Sean Cornelius Johnson (born September 9), is an American Christian R&B and Christian hip hop musician. He started making music in 2005, releasing five studio albums, Simply a Vessel (2006), Simply a Vessel, Vol 2: Faithful (2009), Simply a Vessel, Vol 3: Surrender All (2012), Circa 1993 (2015) and Race the Sun (2016), while releasing two extended plays, Joy (2011) and Grateful (2013).

Early life
Johnson was born Sean Cornelius Johnson on September 9 to a military father in the United States Air Force and his mother Althea Johnson. The family would move often with stops in Germany, Philadelphia, Kentucky, and Clarksville, Tennessee because of his fathers job.

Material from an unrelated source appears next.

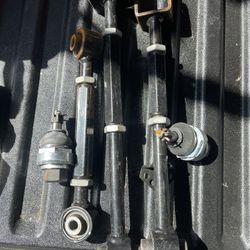 2010 Honda Accord Arms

His mother died on February 7, 1993, when he was at the age of eleven.

Music career
His music record career began in 2005, with his first release, Simply a Vessel, a studio album, that was released in January 2006. The next release, Simply a Vessel, Vol 2: Faithful, another studio album, was released in 2009. He released, Joy, an extended play, in 2011. His third studio album, Simply a Vessel, Vol. 3: Surrender All, was released in 2012. The second extended play, Grateful, was released in 2013. He released, Circa 1993, another studio album, in 2015. His fifth studio album/EP, Race the Sun was released in 2016, consisting of a compilation of different tracks.

Personal life
He resides in Del City, Oklahoma.

Discography
Studio albums
 Simply a Vessel (2006)
 Simply a Vessel, Vol 2: Faithful (2009)
 Simply a Vessel, Vol 3: Surrender All (2012)
 Circa 1993 (2015)
 Race the Sun (2016)
Days Like This (2018)

EPs
 Joy (2011)
 Grateful (2013).

References

External links
 

Living people
American performers of Christian hip hop music
Musicians from Oklahoma
Musicians from Pennsylvania
Musicians from Tennessee
Place of birth missing (living people)
Rappers from Pennsylvania
Rappers from Tennessee
21st-century American rappers
Year of birth missing (living people)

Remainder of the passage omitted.